# Linear Regression for Modeling Cloud Resource Usage Prediction


In [1]:
# Import packages
import numpy as np
import pandas as pd
import matplotlib.pyplot as plt
import seaborn as sns
import os
import glob
from pandas import read_csv, datetime
from pandas.plotting import autocorrelation_plot
from dateutil.relativedelta import relativedelta 
from scipy.optimize import minimize              
import statsmodels.formula.api as smf            
import statsmodels.tsa.api as smt
import statsmodels.api as sm
import scipy.stats as scs
from sklearn.linear_model import LassoCV, RidgeCV
from itertools import product                    
from tqdm import tqdm_notebook
import matplotlib.dates as mdates
%matplotlib inline

import warnings                                
warnings.filterwarnings('ignore')

## Read in data

In [2]:
base_path = r'/home/julian/CMPE295/DataSet/rnd/'

In [3]:
path = base_path+'2013-7/'                     # use your path
all_files = glob.glob(os.path.join(path, "*.csv"))     # advisable to use os.path.join 
df_from_each_file = (pd.read_csv(f, sep = ';\t').assign(VM=os.path.basename(f).split('.')[0]) for f in all_files)
concatenated_df   = pd.concat(df_from_each_file)

In [4]:
path = base_path+'2013-8/'                     
all_files = glob.glob(os.path.join(path, "*.csv"))     
df_from_each_file = (pd.read_csv(f, sep = ';\t').assign(VM=os.path.basename(f).split('.')[0]) for f in all_files)
concatenated_df8   = pd.concat(df_from_each_file)

In [5]:
path = base_path+'2013-9/'                   
all_files = glob.glob(os.path.join(path, "*.csv"))  
df_from_each_file = (pd.read_csv(f, sep = ';\t').assign(VM=os.path.basename(f).split('.')[0]) for f in all_files)
concatenated_df9   = pd.concat(df_from_each_file)
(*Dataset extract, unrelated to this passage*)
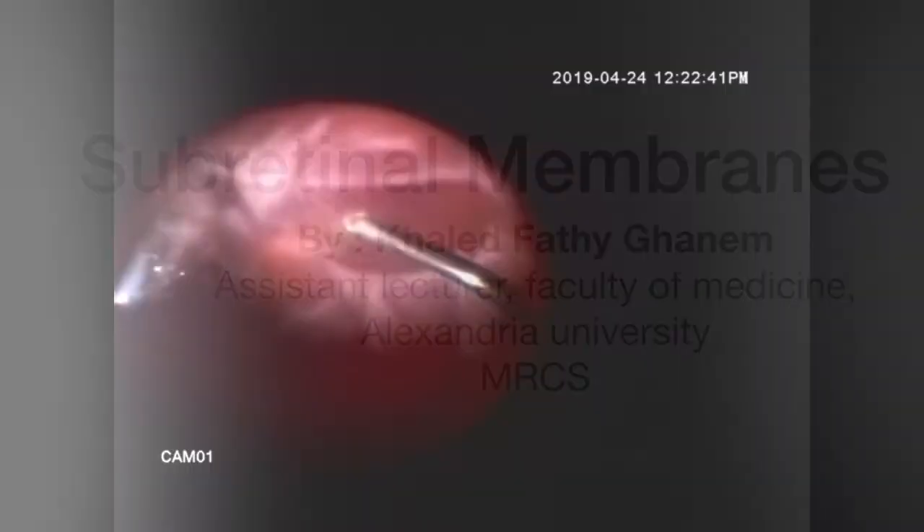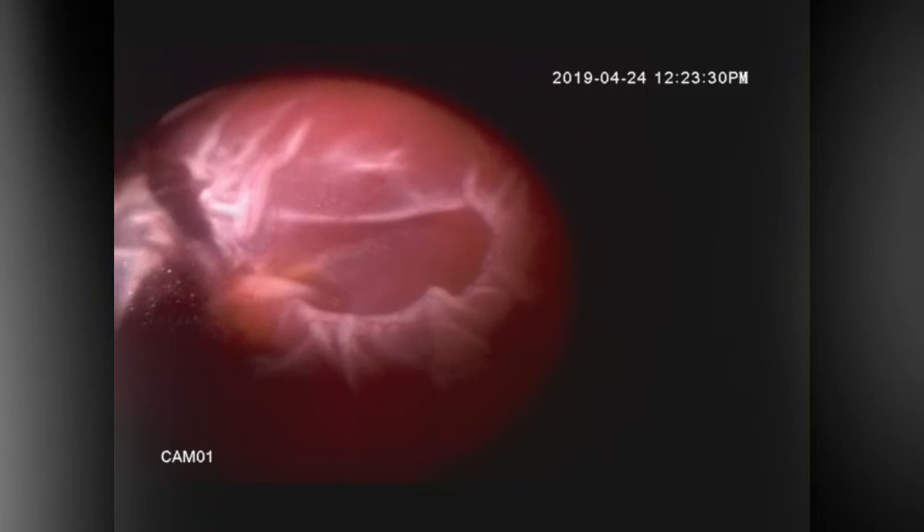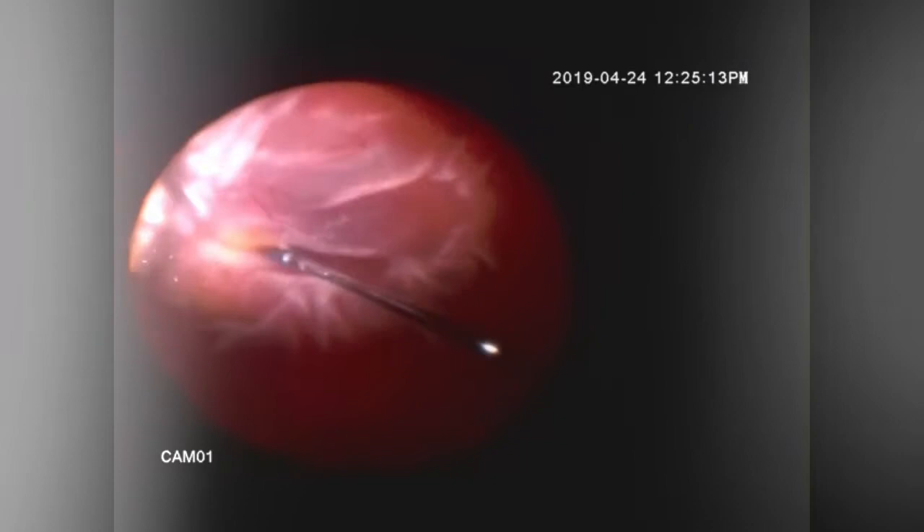This is a case of a rhegmatogenous retinal detachment with massive subretinal fibrosis forming a ring around the posterior pole and the disc. See how the macula is crumbled over the disc. I tried to remove any epiretinal proliferation over the macula, but it seems that the problem was totally subretinal.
MemoryError: Unable to allocate 293. MiB for an array with shape (9, 4268723) and data type float64

### Create Data Frame

In [None]:
newdat = concatenated_df.append(concatenated_df8)
newerdat = newdat.append(concatenated_df9)
concatenated_df = newerdat
concatenated_df.shape

In [None]:
concatenated_df.head()

## Feature engineering and converting pandas into a timeseries


In [None]:
concatenated_df['Timestamp'] = pd.to_datetime(concatenated_df['Timestamp [ms]'], unit = 's')
concatenated_df.apply(pd.to_numeric, errors='ignore')

# Date Feature Engineering
concatenated_df['weekday'] = concatenated_df['Timestamp'].dt.dayofweek
concatenated_df['weekend'] = ((concatenated_df.weekday) // 5 == 1).astype(float)
concatenated_df['month']=concatenated_df.Timestamp.dt.month 
concatenated_df['day']=concatenated_df.Timestamp.dt.day
concatenated_df.set_index('Timestamp',inplace=True)
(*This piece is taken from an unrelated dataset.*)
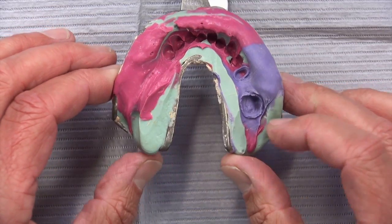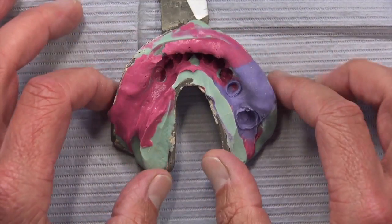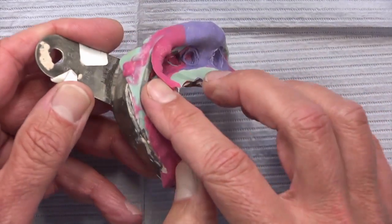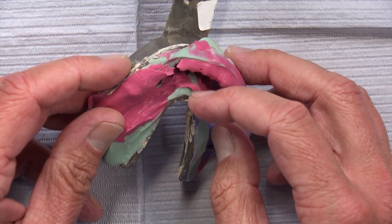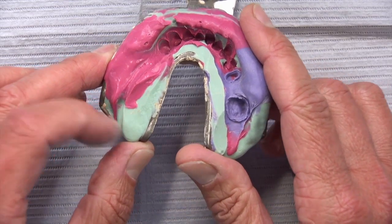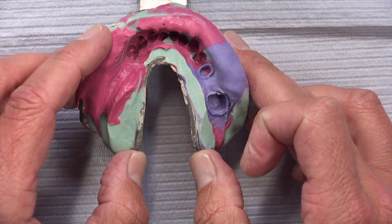This could be the Triple H because there's the original green material that was relieved, then relined with the red material, and when that wouldn't work out it was relined again a third time with the purple material. One sign that this was done in two phases is that the materials will separate from each other rather easily. If this was done as a simultaneous impression, the two materials will always stick together and will not be able to be pulled apart like this.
# Other Feature Engineering
concatenated_df["CPU usage prev"] = concatenated_df['CPU usage [%]'].shift(1)
concatenated_df["CPU_diff"] = concatenated_df['CPU usage [%]'] - concatenated_df["CPU usage prev"]
concatenated_df["received_prev"] = concatenated_df['Network received throughput [KB/s]'].shift(1)
concatenated_df["received_diff"] = concatenated_df['Network received throughput [KB/s]']- concatenated_df["received_prev"]
concatenated_df["transmitted_prev"] = concatenated_df['Network transmitted throughput [KB/s]'].shift(1)
concatenated_df["transmitted_diff"] = concatenated_df['Network transmitted throughput [KB/s]']- concatenated_df["transmitted_prev"]

concatenated_df["write_prev"] = concatenated_df['Disk write throughput [KB/s]'].shift(1)
concatenated_df["write_diff"] = concatenated_df['Disk write throughput [KB/s]']- concatenated_df["write_prev"]
concatenated_df["read_prev"] = concatenated_df['Disk read throughput [KB/s]'].shift(1)
concatenated_df["read_diff"] = concatenated_df['Disk read throughput [KB/s]']- concatenated_df["read_prev"]

### Fill in missing values using forward propagating function from pandas

In [None]:
concatenated_df = concatenated_df.fillna(method='ffill')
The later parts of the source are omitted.